= Nam Châu Hội Quán =

Dining hall

The Nam Châu Hội Quán is a dining hall (hội quán) in Huế, Central Vietnam.

Built in the 19th century, the original Nam Châu Hội Quán was regarded as a cultural institution in Nam Trung village (Huế). The hall used to serve as a meeting place for mandarins of the Nguyễn dynasty (1802–1945) in Tết Nguyên Đán (the Lunar New Year) and traditional festivals.

The present reconstructed Nam Châu Hội Quán is situated between the palace of princess Diên Phước (1824–1848) and the temple of Đức Quốc Công, dedicated to Grand Duke Phạm Đăng Hưng, the maternal grandfather of Emperor Tự Đức (1848–1883). The emperor's mother contributed a great deal to the development of the hall. As time passed by, the hall was severely damaged by wars and harsh climatic conditions.

Huế Tourism Company has invested to develop the hall into a tourist destination in the tourism-culinary-culture zone.

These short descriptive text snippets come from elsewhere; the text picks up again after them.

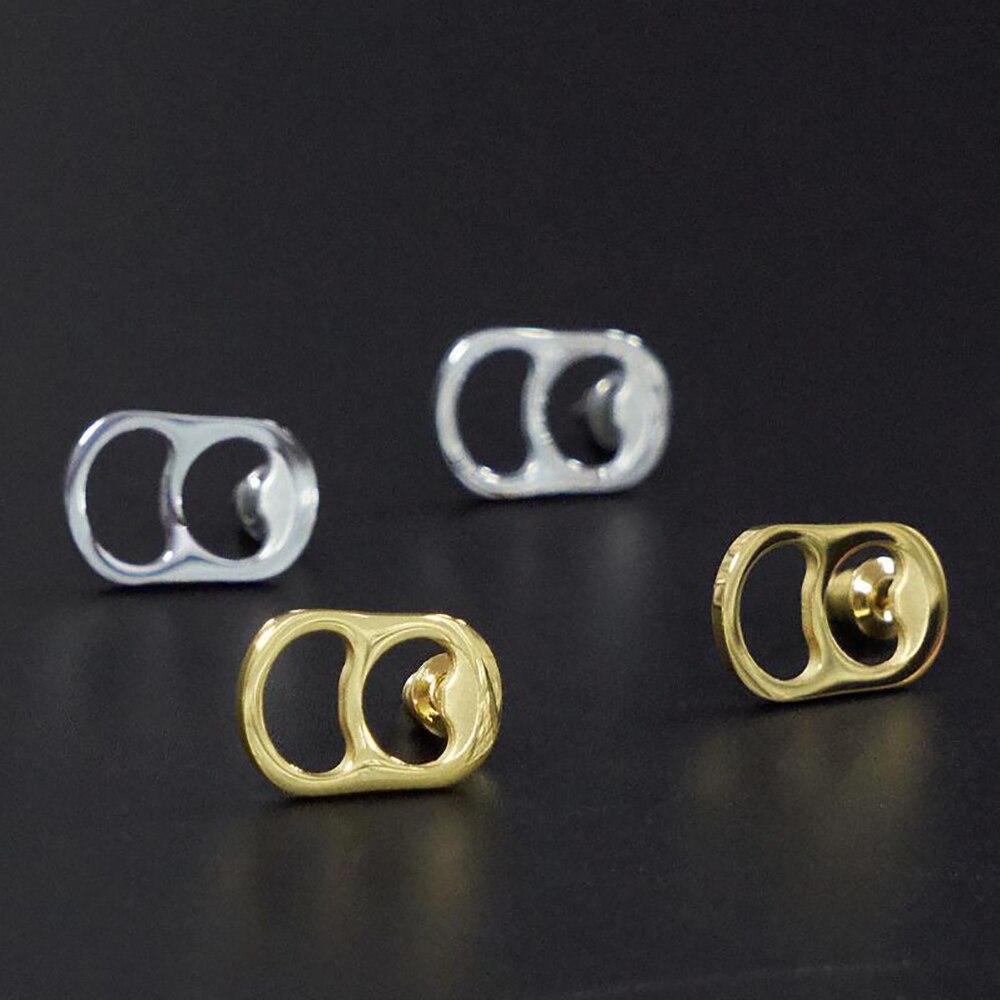 Stainless Steel Gold Cans Ring Women Delicate Funny Stud Earrings Jewelry For Women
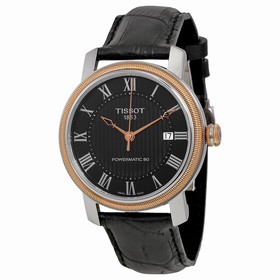 Tissot T-Classic Bridgeport Powermatic 80 Black Dial Black Leather Men's Watch T0974072605300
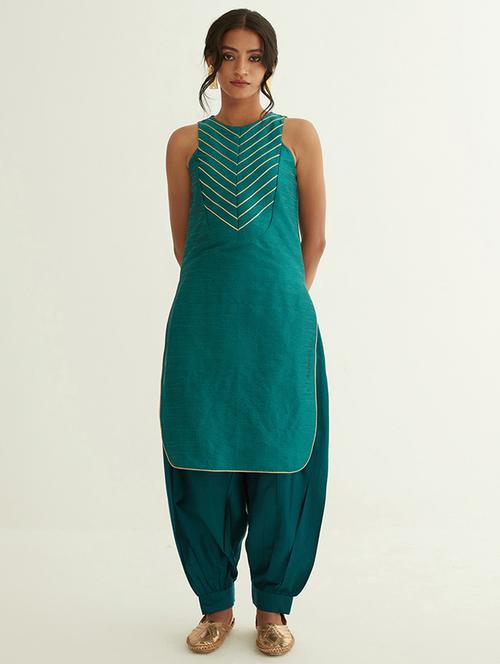 teal solid with work straight kurta - 21459282 - Very Small Image - 1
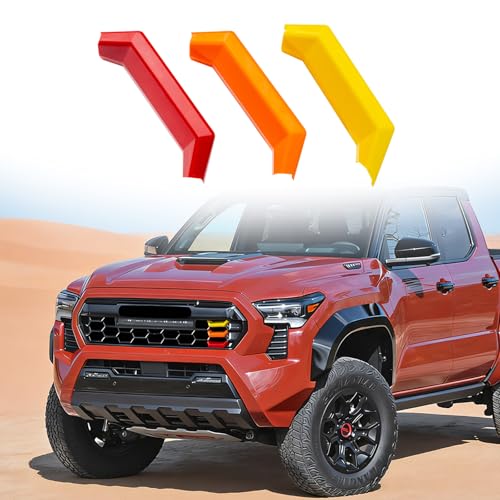 Image of Upgrade Grille Decor Badge Emblem Compatible with 2024 2025 2026 Toyota Tacoma Accessories TRD Pro, Trailhunter Tri-Color Front Grille Insert Trims (Yellow /Orange /Red)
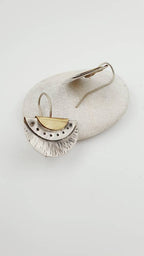 Mixed Metal Earrings -  Half moon Sterling Silver and brass Artisan Hand made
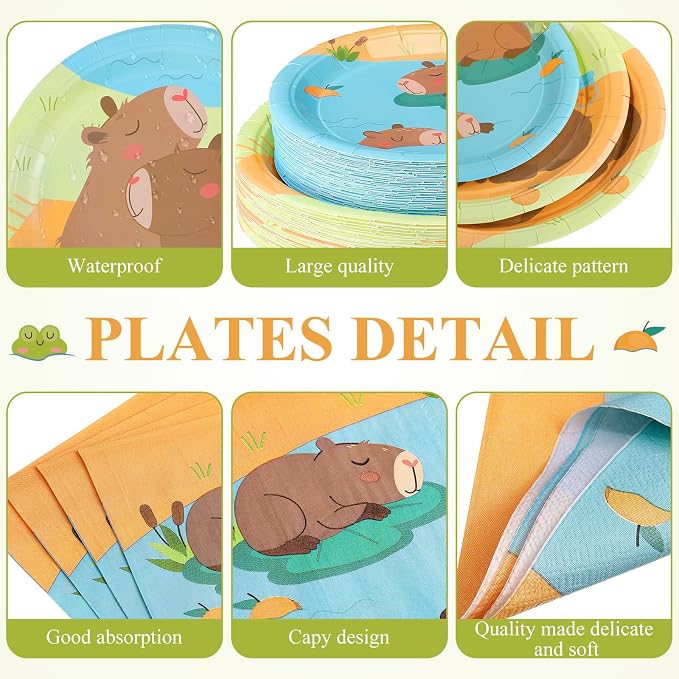 Pickmesh 250 Pcs Capybara Party Supplies Decorations Serve 50 Capybara - Image 2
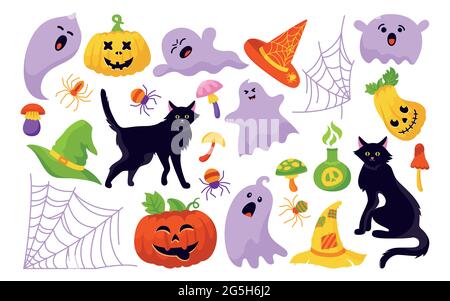 Vector kawaii Halloween clipart set for kids. Cute cartoon Samhain ...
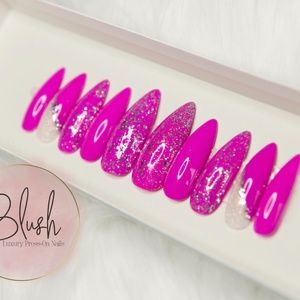 Party Girl Pink Glitter Luxury Press On Nails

Here, tourists can rest, enjoy traditional foods made for festivals and for local residents' daily life, and explore local arts and culture. Nam Châu Hội Quán also serves as a connection place for cultural-historical tourist trips, living-art tourist trips, eco-tourist trips, and trips to visit garden houses, ancient houses, and palaces in Kim Long Ward.